The problem: Below are several entries. Transcribe exactly those lines that fall from the one with "Photo 37 of" through the one with "141 REDBUD LN, Yulee, FL 32097", end lines included.

Given entries:
══════════
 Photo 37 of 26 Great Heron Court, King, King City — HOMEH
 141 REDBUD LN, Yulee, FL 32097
══════════
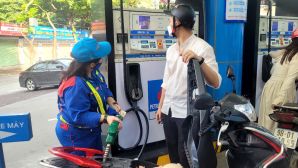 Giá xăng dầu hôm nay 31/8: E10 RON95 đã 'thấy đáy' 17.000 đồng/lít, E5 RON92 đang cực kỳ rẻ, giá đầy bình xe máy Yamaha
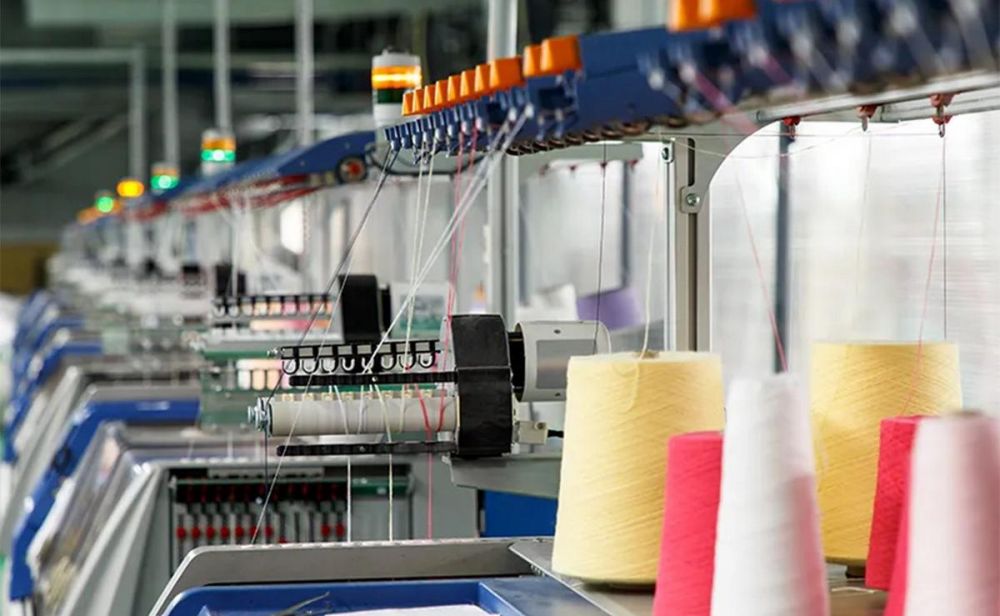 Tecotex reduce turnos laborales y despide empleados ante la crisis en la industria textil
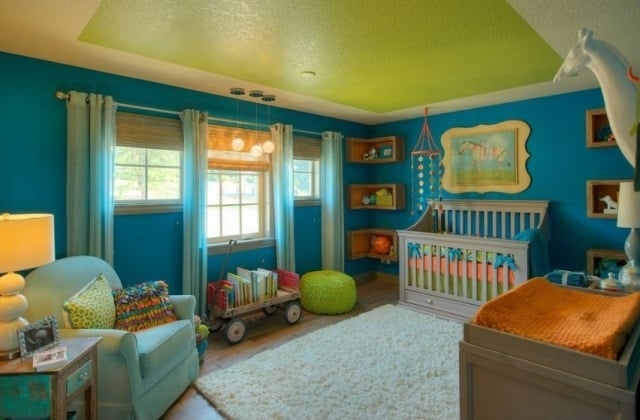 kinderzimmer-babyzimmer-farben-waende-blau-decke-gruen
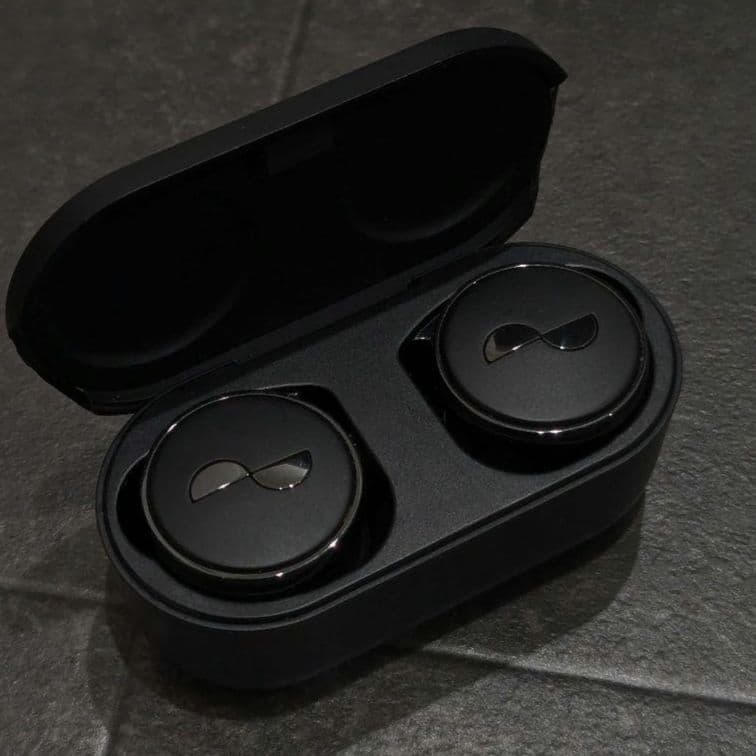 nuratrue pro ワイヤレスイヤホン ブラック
══════════
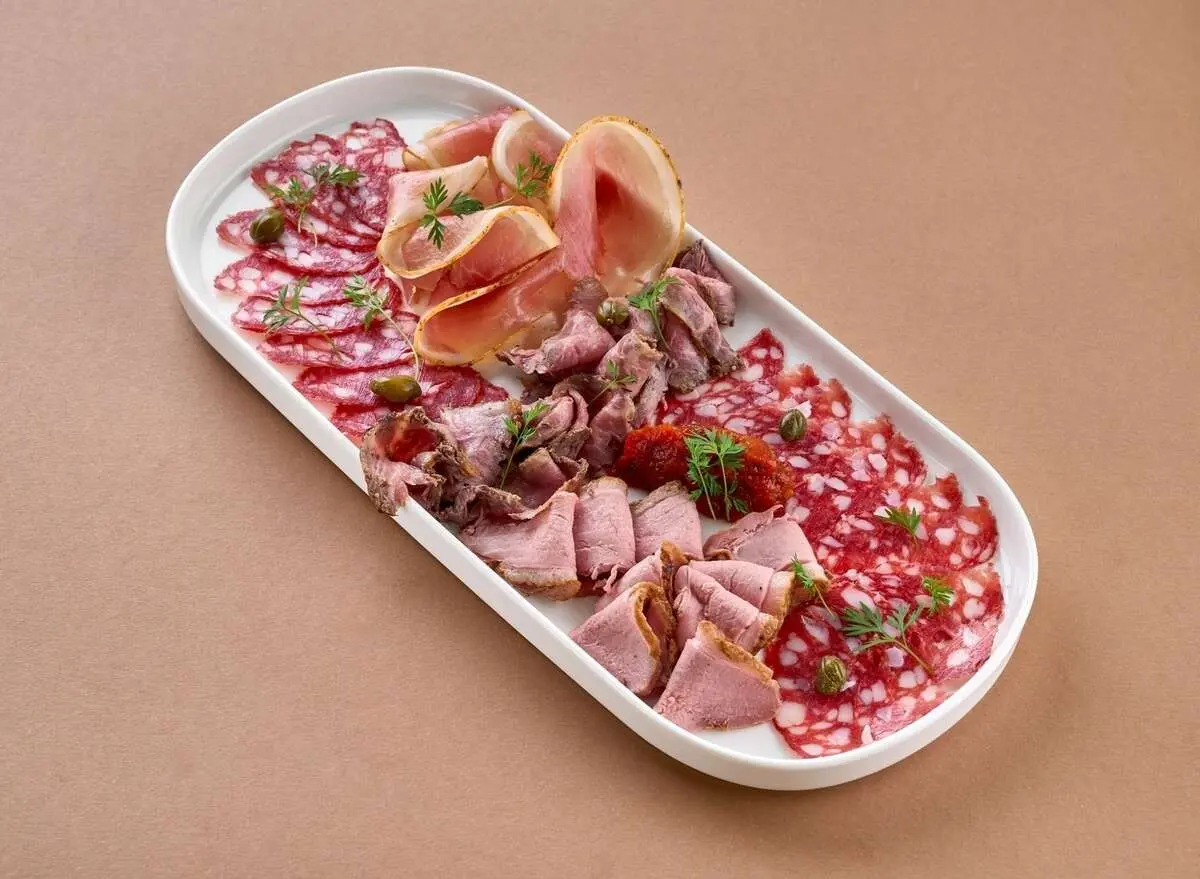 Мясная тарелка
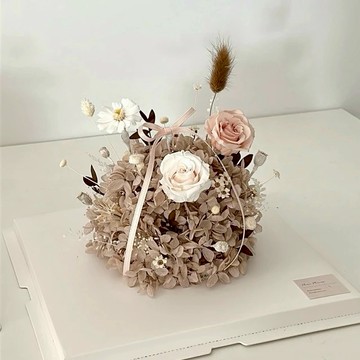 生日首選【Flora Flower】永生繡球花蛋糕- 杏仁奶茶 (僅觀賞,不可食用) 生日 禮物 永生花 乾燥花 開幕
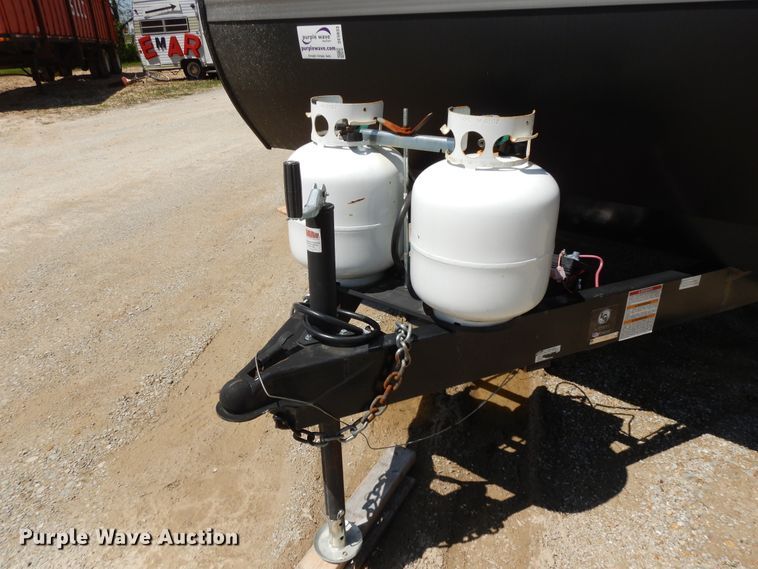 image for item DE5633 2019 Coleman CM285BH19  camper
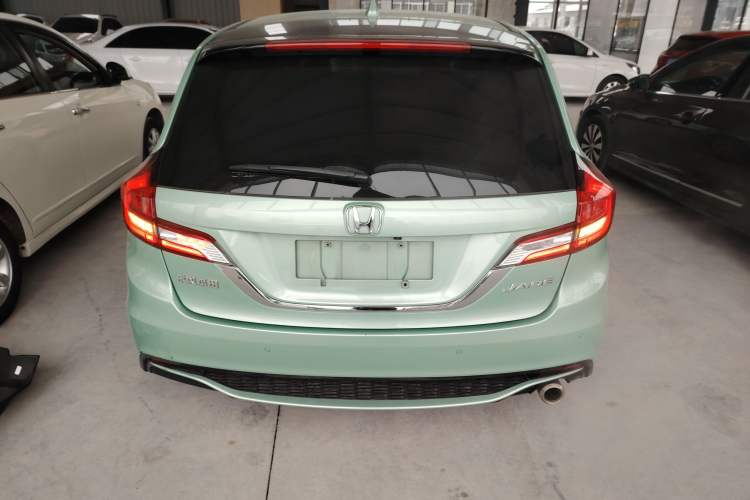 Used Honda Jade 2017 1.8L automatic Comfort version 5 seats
══════════
Exercise response:
 Photo 37 of 26 Great Heron Court, King, King City — HOMEH
 141 REDBUD LN, Yulee, FL 32097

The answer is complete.